There’s one cat on top of the fridge. Crying. A puppy on the ground. Also crying. Another cat somewhere nearby just hissing for the hell of it. Welcome to my 4×6-foot kitchen. I just want lunch. Please, God. Lunch.
I’m looking at new mothers with a whole new level of respect over here. I bet you love me comparing your baby to a puppy, don’t you? Love me over dramatizing my 72-hour experience with a small animal. Love that I will trivialize the immensity of motherhood by comparing it to one weekend with a black lab. Throw me a bone (dog joke!) it’s all I’ve got to work with.
So yes. With this puppy, I am humbled.
You know the only thing that has shut him up and calmed him down in the last two days? Celery. Correct, celery.
When it rolled off the cutting board, perhaps he confused it for an animal part of some sort. But I assume it was really the novelty of seeing a vegetable for the first time (my brother does not consume produce). Whatever the reason, it kept him pleasantly distracted just long enough for me to craft a towering salad masterpiece and shove it in my face.

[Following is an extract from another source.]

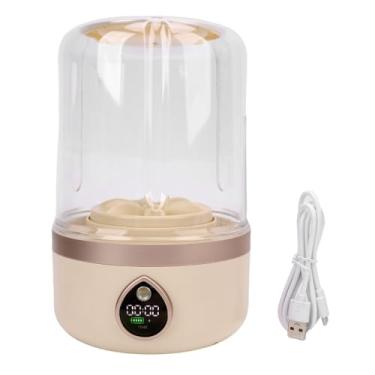 Imagem de Asixxsix Máquina de lavar roupa íntima, máquina de lavar portátil com limpeza profunda, 2 velocidades ajustáveis, máquina de lavar roupas pequenas com USB e display de tempo para meias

You know what I want to do today? I want to bake a billion things. I want to get a pedicure. I want to memorize a whole lot of sanskrit. I want to go to three yoga classes. I want to ride my bike. I want to clean my house. I want to do my laundry. Instead? I am feeling trapped (quite literally caged) in my little apartment.
This is the most effective birth control I have taken in my life and the surest way to remind one as dead set on rushing towards stability as myself that maybe, just maybe a little free-wheeling, spontaneous, irresponsible, selfish time in my mid-twenties is a right fine place to be.